Yesterday we had a municipal election here to vote for our mayor, councillors and Public and Catholic school board trustees. On the weekend I did what any not very politically minded person like me would do, and asked my 12-year-old granddaughter for voting advice.
I told her I thought Linda Osinchuk had been doing a good job being our present mayor. She’s a very nice person and one of our contact lens patients where I work. The lady running against her, Roxanne Carr, is also a very nice person who happens to live right across the street from me. She has been a county councillor for 5 or six years. And I still hadn’t made up my mind which one I would vote for. Notice how I didn’t go on about their respective political policies, as if that has nothing at all to do with anything. My dad used to say that the policies were secondary to the person’s character. He would always ‘vote for the man’ (there were never many women running for things then) because what party they happened to be part of was the less important consideration.

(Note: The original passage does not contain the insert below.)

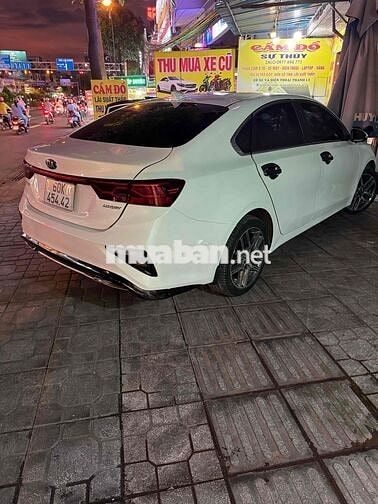 Kia Cerato Luxury Trắng 5 chỗ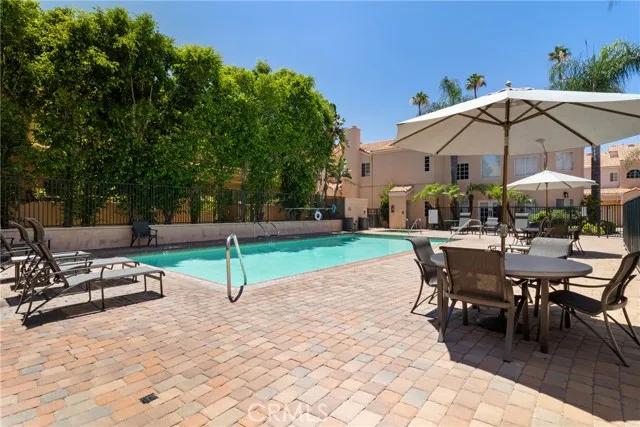 5200 White Oak Avenue # 4, Encino Ca 91316 | Townhouse 14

I suppose I am my father’s daughter in more ways than I know.
It’s quite wonderful, when you think about it, that we have a choice, and that no matter which way it all turns out we can be happy with (or at least not devastated by) the results. Another happy thing about our part of the election is how many women there were to vote for in every category. I’m all for more women in politics.
Kenzie thought about it for a minute, and then decided it would be nice if we gave Roxanne a chance. She is all about being fair.
It was a close result but the people have spoken and we are going to give Roxanne a chance. Good call, Kenz. I’m wondering, now that I live on the same humble little street as the new mayor, if our snow will be cleared with greater regularity this winter. I mean it would look bad if the mayor got snowed in, right?